- **THE TASK**
Reproduce exactly the line containing "Art Seven Hostel Capsules" and each line after it until the listing ends, leaving pictures out.

- **DATA IN THIS EXERCISE**
>>>>>

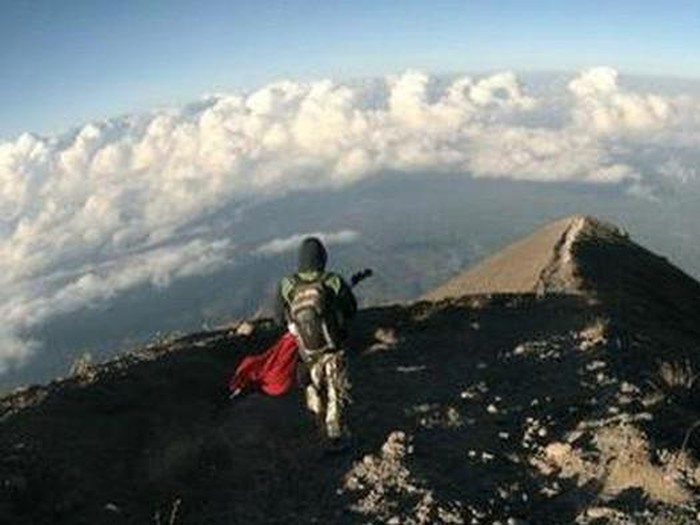 Ilustrasi pendaki Gunung Batur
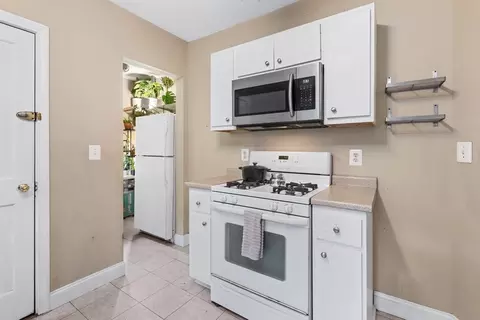 82 Walnut St #1, Brookline, MA 02445 photo 9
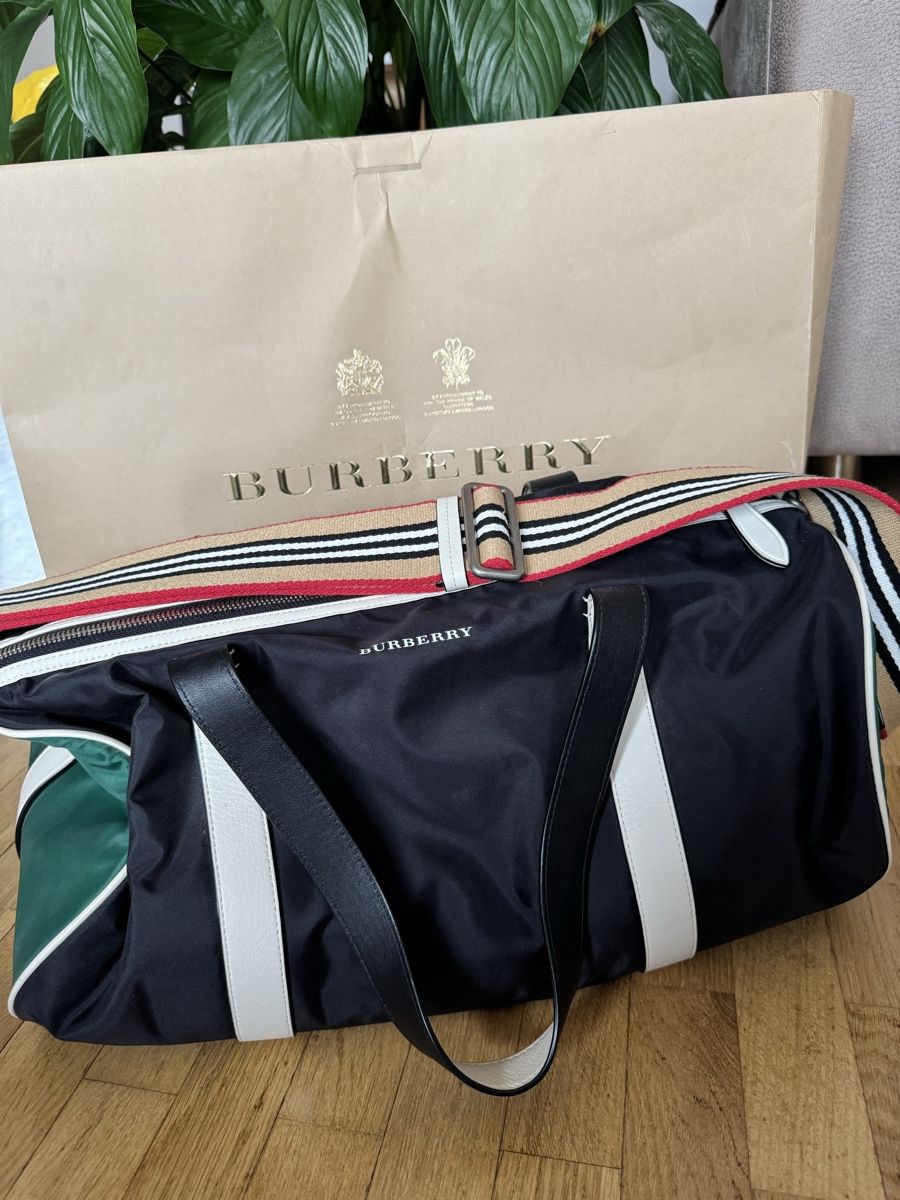 Burberry Borse: Burberry Tasche – Usato da Herisau venduto da eli_27nh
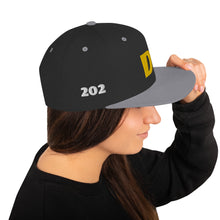 Load image into Gallery viewer, Snapback Hat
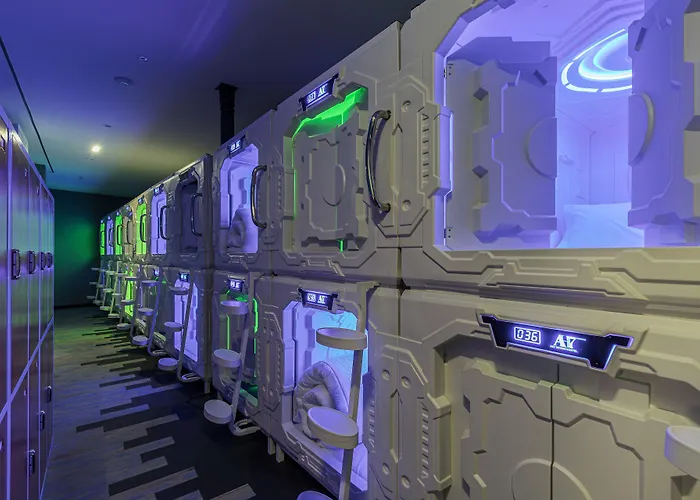 Art Seven Hostel Capsules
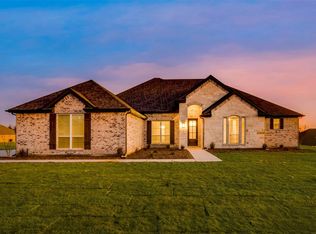 3601 Horseshoe Dr, Van Alstyne, TX 75495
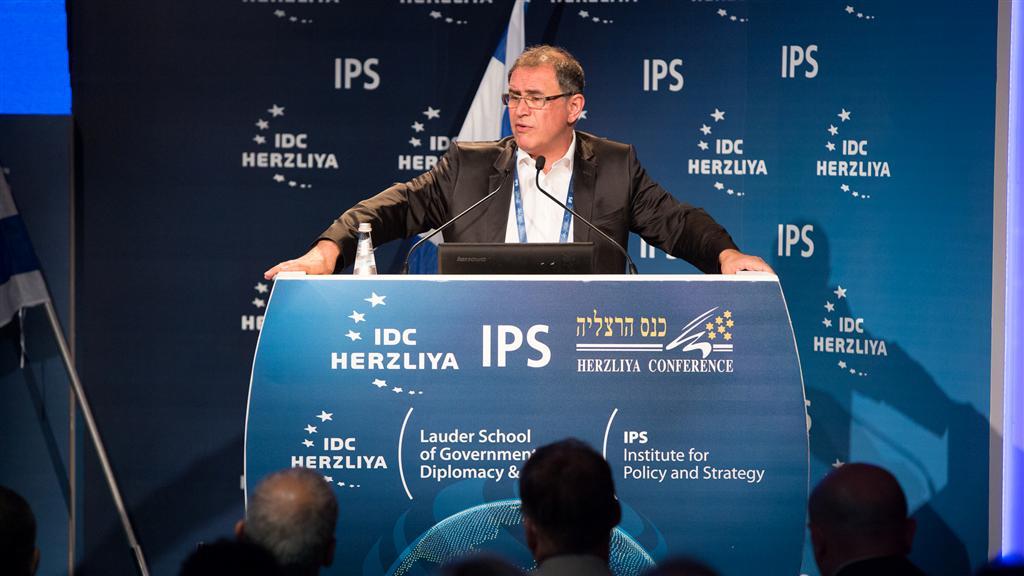 Профессор Нуриэль Рубини выступает на Герцлийском форуме. Фото: Эрез Хароди, "Осим цилюм"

<<<<<

- **OUTPUT BELOW**
 Art Seven Hostel Capsules
 3601 Horseshoe Dr, Van Alstyne, TX 75495
 Профессор Нуриэль Рубини выступает на Герцлийском форуме. Фото: Эрез Хароди, "Осим цилюм"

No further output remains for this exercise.